Far from the soaring city heights of Maguire’s era, and Garfield’s grungy, shadowy city-university stomping ground, Holland’s jurisdiction brings it all back to his Spider-Man’s ‘friendly, neighbourhood’ reputation. This is a Spidey who gives directions to old ladies, chases bicycle thieves, and keeps all his costumed activities to after-school hours. It’s bright, colourful, warm, instantly endearing local-brew, and all a constant reminder that the most important thing about Spider-Man has always been that he’s a kid. It’s by just allowing Peter Parker to be a kid that Homecoming can be considered a triumph of an adaptation.
Holland proved an exquisite Spider-Man in just fifteen minutes of screen time last year. Now, with more than two hours front and centre of the proceedings, he outdoes himself as Peter. Capturing the dilemmas that split Peter’s life in two has always been a must-have motif, but what makes Holland and Homecoming both stand out is the variety of these dilemmas. It’s not all life-or-death situations! Sometimes, it’s as small as Peter having to choose between helping his best friend look cool at a party and chasing down some baddies. The size of the options isn’t what matters. It’s the size of the decisions, and Holland imbues each one with its due weight. His job is certainly made easier however by the standout talents of his supporting high school castmates, Jacob Batalon (Ned), Laura Harrier (love interest Liz), Tony Revolori (a welcome update to Flash Thompson, Peter’s classic tormentor) and Zendaya (a somewhat overly-marketed Michelle).

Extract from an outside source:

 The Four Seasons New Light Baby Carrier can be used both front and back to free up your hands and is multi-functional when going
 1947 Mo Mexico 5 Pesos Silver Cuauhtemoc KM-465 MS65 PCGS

As for the old guard, as ever it’s impossible to tell where Downey Jr. ends and Stark begins, and so it’s hard to pinpoint the source of the character’s ‘Dad mode’ even as it allows the veteran Avenger to explore a different dynamic. With Michael Keaton, however, Holland could have hardly hoped for a greater first foe, single-handedly breaking both Marvel Studios’ curse of villain one-dimensionality and Sony’s addiction to the ‘lab experiment gone wrong’ cliché. Toomes is just an everyday working man out for his family’s welfare, and circumstances take him to a dark place. He’s not a god, a genocidal robot or corrupt elite. He’s just a crook looking to make a big score, and with that he becomes one of the most legitimately threatening presences yet produced by the MCU.
Spider-Man: Homecoming is a fun, frenetic, faithful start to the wallcrawler’s adventures in a much bigger universe of superheroes. It has its shortcomings: Spider-Man’s suit is oftentimes a little too ‘Go-Go Gadget’, despite a narrative context that somewhat justifies its extremes. Aunt May (Marisa Tomei) certainly deserved a more prolonged presence to establish this franchise’s interpretation of her staple in Peter’s world. It would have been nice to indulge in an entire song at the titular Homecoming dance (to make up for the film’s overall unimaginative soundtrack from Michael Giacchino). Most of all, as fun as it all may be, it doesn’t quite pack the emotional punches of previous big screen incarnations, and so falls short of the sense of awe and wonderment that perhaps a more established webslinger could entreat. As it is, the film is a joyride of a neighbourhood adventure nestled comfortably into its own corner of the Marvel franchise. Back to the Future, except with superheroes.